Introduction

LSTMs today are cool. Everything, well almost everything, in the modern Deep Learning landscape is made of LSTMs. I know that might be an exaggeration but, it can only be understated that they are absolutely indispensable. They make up everything directly or indirectly from Time Series(TS) to Neural Machine Translators(NMT) to Bidirectional Encoder Representation from Transformers(BERT) to Neural Turing Machine(NTM) to Differentiable Neural Computers(DNC) etc, and yet they are not very well understood. Whilst there are the elites that write frameworks (Tensorflow, Pytorch, etc), but they are not surprisingly very few in number. The common “Machine learning/Deep Learning” “man/programmer” at best knows how to use it. This is a multi-part series that will unravel the mystery behind LSTMs. Especially it’s gradient calculation when participating in a more complex model like NMT, BERT, NTM, DNC, etc.
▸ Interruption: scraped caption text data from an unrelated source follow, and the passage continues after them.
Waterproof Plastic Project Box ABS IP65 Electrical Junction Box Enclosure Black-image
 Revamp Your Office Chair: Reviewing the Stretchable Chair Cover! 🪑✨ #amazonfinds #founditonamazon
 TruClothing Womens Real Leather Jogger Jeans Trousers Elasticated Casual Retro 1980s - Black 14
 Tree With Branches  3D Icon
I do this using the first principles approach for which I have pure python implementation (Deep-Breathe) of most complex Deep Learning models.

What this article is not about?

  • This article will not talk about the conceptual model of LSTM, on which there is some great existing material here and here in the order of difficulty.
  • This is not about the differences between vanilla RNN and LSTMs, on which there is an awesome, if a somewhat difficult post, by Andrej.
  • This is not about how LSTMs mitigate the vanishing gradient problem, on which there is a little mathy but awesome posts here and here in the order of difficulty

What this article is about?

  • The reason why understanding LSTM’s inner working is vital is that it underpins the most important models of modern Artificial Intelligence.
  • Underpins memory augmented models and architecture.
  • Most often it is not used in its vanilla form. There is directionality involved, multiple layers involved, making it a complex moving piece in itself.
  • In this multi-part series, I get under the cover of an LSTM using Deep-Breathe especially its back-propagation when it is a part of a more complex model.

Context

Start with the simplest word-generation case-study. We train an LSTM network on a short story. Once trained, we ask it to generate new stories giving it a cue of a few starting words. The focus primarily is on the training process here.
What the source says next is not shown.